政治家とは何か?『人間・田中角栄』を読んで考える。

読書メモ

コロナウイルスは収束の気配もないですね。

一昨日、女優の岡江久美子さんが亡くなられたという一報が入ったときは本当に驚きました。

ここ最近、次々と人が亡くなる知らせが多く、本当に気が塞ぎます。

でも、また明日から頑張らないといけませんね。

私は、忙しい時や心塞ぐときに本を読みふける習性がありまして…どこかに没頭して余計な思考を遮断したいんだと思います。
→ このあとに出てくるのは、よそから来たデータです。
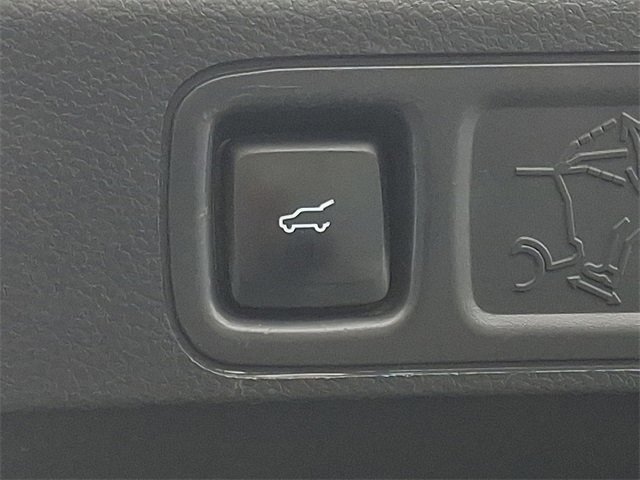 Used 2023 Ford Expedition Max Limited image 32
先日購入したこの本を朝と夜に読んで今日、読了しました。

宝島社『人間・田中角栄』

この本は主に田中角栄の「いい話」を集めたものです。

田中角栄はこんな人

田中角栄は今から100年前の1920年、新潟県に生まれました。

父親は事業に失敗し、極貧の中で育ちます。

高等小学校を卒業して建設会社で働きながら夜学に通い、自分の会社を興して独立。

戦後に政治家として頭角を現し、議員立法を33本成立(日本議会史最多記録)

その企画力、実行力から「コンピューター付きブルドーザー」と呼ばれました。

そして、ついに大学卒がほとんどだった内閣総理大臣の座に登り詰めます。

総理大臣辞職後に収賄容疑でロッキード事件で逮捕されますが、毎回選挙は当選。

その後も与党自由民主党の最大派閥「田中派」の惣領として君臨。

キングメーカーと呼ばれました。

田中角栄というと、団塊の世代にとっては「金権政治家」のイメージが強いはず。

ロッキード事件だけでなく、とにかくけた外れの政治資金を駆使して、当時の選挙を勝ち抜いてきたからです。
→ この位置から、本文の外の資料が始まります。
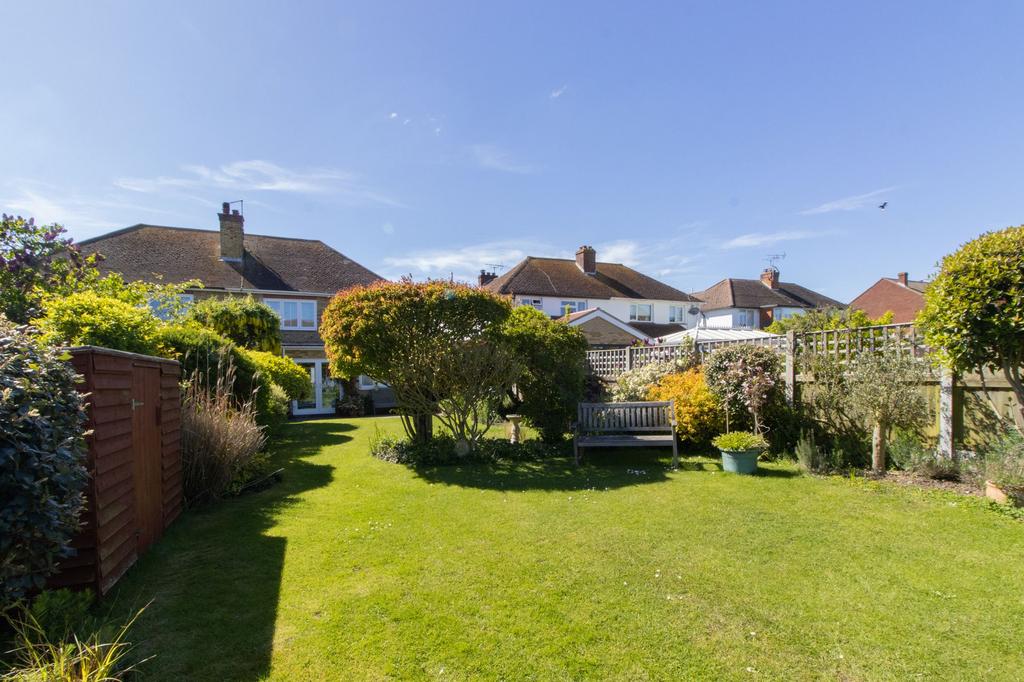 Ramsgate Road, Broadstairs, CT10 3 bed semidetached house for sale £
平成に入ってから、元秘書の早坂茂三さんをはじめとする語り部たちが

田中角栄という人物がどんな人だったかを書き残しています。

彼ら曰く、「田中角栄は情の人」であるといいます。

雪深き新潟の暮らしを忘れず、長年新潟県人が雪害に苦しんでいるのを知っていました。

初演説は三国峠を崩して雪を無くそう!という破天荒なものでしたが、

トンネルを通し、雪に埋もれない道を整備することで、この初心をキチンと実行に移します。
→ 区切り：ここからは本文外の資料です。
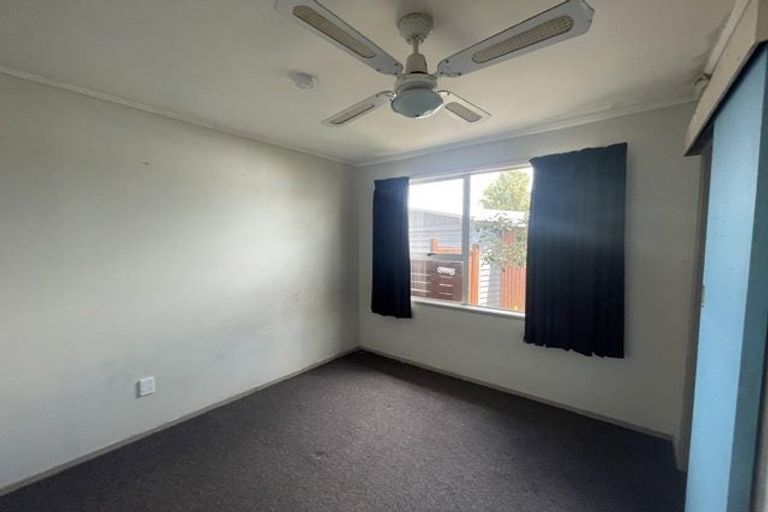 Photo of property in 8 Luanda Drive, Ranui, Auckland, 0612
また、孤児院の子供たちが高校に通えず、将来性のある子でも中卒だと聞けば、

予算をきちんと取って進学への道筋がつくように法整備をおこないました。

また彼は『日本列島改造論』という本を出版しますが

これは、今の我々では想像もつかないほど、都市部と地方の経済格差が大きかった時代に、日本の隅々の生活レベルを均一化させようという思想で貫かれています。

小学校の教員の給与が低いことを取り上げて、給与を倍増させ、広い見聞を持ってほしいと海外研修制度を設けたのも田中角栄です。

理想を実現するために現実を駆使した男

世の中では、お金を目的として権力を行使した人物と見られがちですが、

私はむしろ自分の理想を成し遂げるために、有権者の方や、官僚、政治家と言った人々と協力していったイメージが強いです。

彼らには彼らの内在論理がある。

例えば官僚たちの心を掴めるのは

田中角栄さんが官僚たちの本質を掴んでいたからだと思います。

「連中は現行法体系に縛られて身動きままならない。先例尊重で新例を開くリスクを避ける。行動は減点主義で経歴に瑕疵が付くのも嫌う。世界に冠たるセクト主義で、他との連携については眼中にない」(179ページ)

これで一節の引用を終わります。